## TASK INSTRUCTIONS
Write out every entry below word for word, leaving nothing out.

Records from a collection:
· · · · · · ·

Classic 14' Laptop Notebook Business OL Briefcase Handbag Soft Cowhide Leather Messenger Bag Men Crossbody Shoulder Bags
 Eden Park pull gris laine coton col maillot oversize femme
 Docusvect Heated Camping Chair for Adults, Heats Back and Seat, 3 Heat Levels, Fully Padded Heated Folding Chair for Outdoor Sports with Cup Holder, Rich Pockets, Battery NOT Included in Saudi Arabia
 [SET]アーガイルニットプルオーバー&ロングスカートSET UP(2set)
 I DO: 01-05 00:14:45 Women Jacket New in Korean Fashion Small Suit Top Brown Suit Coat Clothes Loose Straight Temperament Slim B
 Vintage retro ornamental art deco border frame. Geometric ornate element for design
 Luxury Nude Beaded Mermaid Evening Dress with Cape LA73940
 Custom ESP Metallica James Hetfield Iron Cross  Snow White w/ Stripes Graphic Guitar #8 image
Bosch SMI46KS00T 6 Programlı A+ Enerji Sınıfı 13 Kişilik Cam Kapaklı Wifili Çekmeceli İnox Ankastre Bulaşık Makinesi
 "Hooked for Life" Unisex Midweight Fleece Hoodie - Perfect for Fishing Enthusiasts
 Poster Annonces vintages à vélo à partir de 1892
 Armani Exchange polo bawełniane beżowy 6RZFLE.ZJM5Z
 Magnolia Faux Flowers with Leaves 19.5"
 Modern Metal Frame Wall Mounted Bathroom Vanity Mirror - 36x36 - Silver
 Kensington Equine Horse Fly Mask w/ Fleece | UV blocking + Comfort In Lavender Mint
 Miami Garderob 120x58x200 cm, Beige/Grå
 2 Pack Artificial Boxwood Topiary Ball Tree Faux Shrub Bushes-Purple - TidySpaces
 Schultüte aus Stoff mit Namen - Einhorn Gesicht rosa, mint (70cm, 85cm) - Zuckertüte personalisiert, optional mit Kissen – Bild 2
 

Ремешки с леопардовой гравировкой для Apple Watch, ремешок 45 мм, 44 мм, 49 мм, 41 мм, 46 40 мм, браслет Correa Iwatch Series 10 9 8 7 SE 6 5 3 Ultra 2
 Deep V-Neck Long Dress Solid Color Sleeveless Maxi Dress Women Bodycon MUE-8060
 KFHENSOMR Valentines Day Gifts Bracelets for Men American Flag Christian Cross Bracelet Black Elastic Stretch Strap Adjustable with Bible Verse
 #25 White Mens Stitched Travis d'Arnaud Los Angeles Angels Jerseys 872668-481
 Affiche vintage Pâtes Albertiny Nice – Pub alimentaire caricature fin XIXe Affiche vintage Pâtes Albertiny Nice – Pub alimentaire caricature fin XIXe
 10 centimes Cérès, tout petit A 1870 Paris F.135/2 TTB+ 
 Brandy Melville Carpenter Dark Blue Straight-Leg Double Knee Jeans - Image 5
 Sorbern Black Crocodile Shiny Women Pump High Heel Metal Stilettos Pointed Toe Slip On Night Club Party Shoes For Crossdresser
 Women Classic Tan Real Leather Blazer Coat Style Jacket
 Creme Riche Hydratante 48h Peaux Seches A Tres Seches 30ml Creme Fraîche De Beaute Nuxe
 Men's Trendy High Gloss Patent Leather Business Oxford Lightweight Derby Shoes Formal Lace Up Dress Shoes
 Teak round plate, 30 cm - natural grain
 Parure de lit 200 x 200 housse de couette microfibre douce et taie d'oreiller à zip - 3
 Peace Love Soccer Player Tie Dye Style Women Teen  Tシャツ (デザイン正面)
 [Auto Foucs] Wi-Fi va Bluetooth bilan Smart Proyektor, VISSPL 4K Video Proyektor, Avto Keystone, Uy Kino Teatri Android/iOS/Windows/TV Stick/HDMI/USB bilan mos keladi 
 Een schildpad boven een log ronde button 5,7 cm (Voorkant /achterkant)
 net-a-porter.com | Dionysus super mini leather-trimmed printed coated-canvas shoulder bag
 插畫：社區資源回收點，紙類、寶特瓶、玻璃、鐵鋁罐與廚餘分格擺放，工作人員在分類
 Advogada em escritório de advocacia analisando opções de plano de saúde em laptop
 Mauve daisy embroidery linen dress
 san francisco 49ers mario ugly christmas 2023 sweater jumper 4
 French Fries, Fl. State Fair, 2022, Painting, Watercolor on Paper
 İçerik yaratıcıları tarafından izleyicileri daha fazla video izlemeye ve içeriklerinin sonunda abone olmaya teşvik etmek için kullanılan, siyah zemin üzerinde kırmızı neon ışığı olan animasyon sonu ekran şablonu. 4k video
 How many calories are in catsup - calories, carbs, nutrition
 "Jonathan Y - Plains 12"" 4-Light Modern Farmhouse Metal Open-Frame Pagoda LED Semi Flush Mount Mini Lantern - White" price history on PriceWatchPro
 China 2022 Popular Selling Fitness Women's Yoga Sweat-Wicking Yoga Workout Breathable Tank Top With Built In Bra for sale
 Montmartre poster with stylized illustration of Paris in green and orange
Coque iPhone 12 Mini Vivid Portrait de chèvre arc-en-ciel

· · · · · · ·

## TASK RESPONSE
Classic 14' Laptop Notebook Business OL Briefcase Handbag Soft Cowhide Leather Messenger Bag Men Crossbody Shoulder Bags
 Eden Park pull gris laine coton col maillot oversize femme
 Docusvect Heated Camping Chair for Adults, Heats Back and Seat, 3 Heat Levels, Fully Padded Heated Folding Chair for Outdoor Sports with Cup Holder, Rich Pockets, Battery NOT Included in Saudi Arabia
 [SET]アーガイルニットプルオーバー&ロングスカートSET UP(2set)
 I DO: 01-05 00:14:45 Women Jacket New in Korean Fashion Small Suit Top Brown Suit Coat Clothes Loose Straight Temperament Slim B
 Vintage retro ornamental art deco border frame. Geometric ornate element for design
 Luxury Nude Beaded Mermaid Evening Dress with Cape LA73940
 Custom ESP Metallica James Hetfield Iron Cross  Snow White w/ Stripes Graphic Guitar #8 image
Bosch SMI46KS00T 6 Programlı A+ Enerji Sınıfı 13 Kişilik Cam Kapaklı Wifili Çekmeceli İnox Ankastre Bulaşık Makinesi
 "Hooked for Life" Unisex Midweight Fleece Hoodie - Perfect for Fishing Enthusiasts
 Poster Annonces vintages à vélo à partir de 1892
 Armani Exchange polo bawełniane beżowy 6RZFLE.ZJM5Z
 Magnolia Faux Flowers with Leaves 19.5"
 Modern Metal Frame Wall Mounted Bathroom Vanity Mirror - 36x36 - Silver
 Kensington Equine Horse Fly Mask w/ Fleece | UV blocking + Comfort In Lavender Mint
 Miami Garderob 120x58x200 cm, Beige/Grå
 2 Pack Artificial Boxwood Topiary Ball Tree Faux Shrub Bushes-Purple - TidySpaces
 Schultüte aus Stoff mit Namen - Einhorn Gesicht rosa, mint (70cm, 85cm) - Zuckertüte personalisiert, optional mit Kissen – Bild 2
 

Ремешки с леопардовой гравировкой для Apple Watch, ремешок 45 мм, 44 мм, 49 мм, 41 мм, 46 40 мм, браслет Correa Iwatch Series 10 9 8 7 SE 6 5 3 Ultra 2
 Deep V-Neck Long Dress Solid Color Sleeveless Maxi Dress Women Bodycon MUE-8060
 KFHENSOMR Valentines Day Gifts Bracelets for Men American Flag Christian Cross Bracelet Black Elastic Stretch Strap Adjustable with Bible Verse
 #25 White Mens Stitched Travis d'Arnaud Los Angeles Angels Jerseys 872668-481
 Affiche vintage Pâtes Albertiny Nice – Pub alimentaire caricature fin XIXe Affiche vintage Pâtes Albertiny Nice – Pub alimentaire caricature fin XIXe
 10 centimes Cérès, tout petit A 1870 Paris F.135/2 TTB+ 
 Brandy Melville Carpenter Dark Blue Straight-Leg Double Knee Jeans - Image 5
 Sorbern Black Crocodile Shiny Women Pump High Heel Metal Stilettos Pointed Toe Slip On Night Club Party Shoes For Crossdresser
 Women Classic Tan Real Leather Blazer Coat Style Jacket
 Creme Riche Hydratante 48h Peaux Seches A Tres Seches 30ml Creme Fraîche De Beaute Nuxe
 Men's Trendy High Gloss Patent Leather Business Oxford Lightweight Derby Shoes Formal Lace Up Dress Shoes
 Teak round plate, 30 cm - natural grain
 Parure de lit 200 x 200 housse de couette microfibre douce et taie d'oreiller à zip - 3
 Peace Love Soccer Player Tie Dye Style Women Teen  Tシャツ (デザイン正面)
 [Auto Foucs] Wi-Fi va Bluetooth bilan Smart Proyektor, VISSPL 4K Video Proyektor, Avto Keystone, Uy Kino Teatri Android/iOS/Windows/TV Stick/HDMI/USB bilan mos keladi 
 Een schildpad boven een log ronde button 5,7 cm (Voorkant /achterkant)
 net-a-porter.com | Dionysus super mini leather-trimmed printed coated-canvas shoulder bag
 插畫：社區資源回收點，紙類、寶特瓶、玻璃、鐵鋁罐與廚餘分格擺放，工作人員在分類
 Advogada em escritório de advocacia analisando opções de plano de saúde em laptop
 Mauve daisy embroidery linen dress
 san francisco 49ers mario ugly christmas 2023 sweater jumper 4
 French Fries, Fl. State Fair, 2022, Painting, Watercolor on Paper
 İçerik yaratıcıları tarafından izleyicileri daha fazla video izlemeye ve içeriklerinin sonunda abone olmaya teşvik etmek için kullanılan, siyah zemin üzerinde kırmızı neon ışığı olan animasyon sonu ekran şablonu. 4k video
 How many calories are in catsup - calories, carbs, nutrition
 "Jonathan Y - Plains 12"" 4-Light Modern Farmhouse Metal Open-Frame Pagoda LED Semi Flush Mount Mini Lantern - White" price history on PriceWatchPro
 China 2022 Popular Selling Fitness Women's Yoga Sweat-Wicking Yoga Workout Breathable Tank Top With Built In Bra for sale
 Montmartre poster with stylized illustration of Paris in green and orange
Coque iPhone 12 Mini Vivid Portrait de chèvre arc-en-ciel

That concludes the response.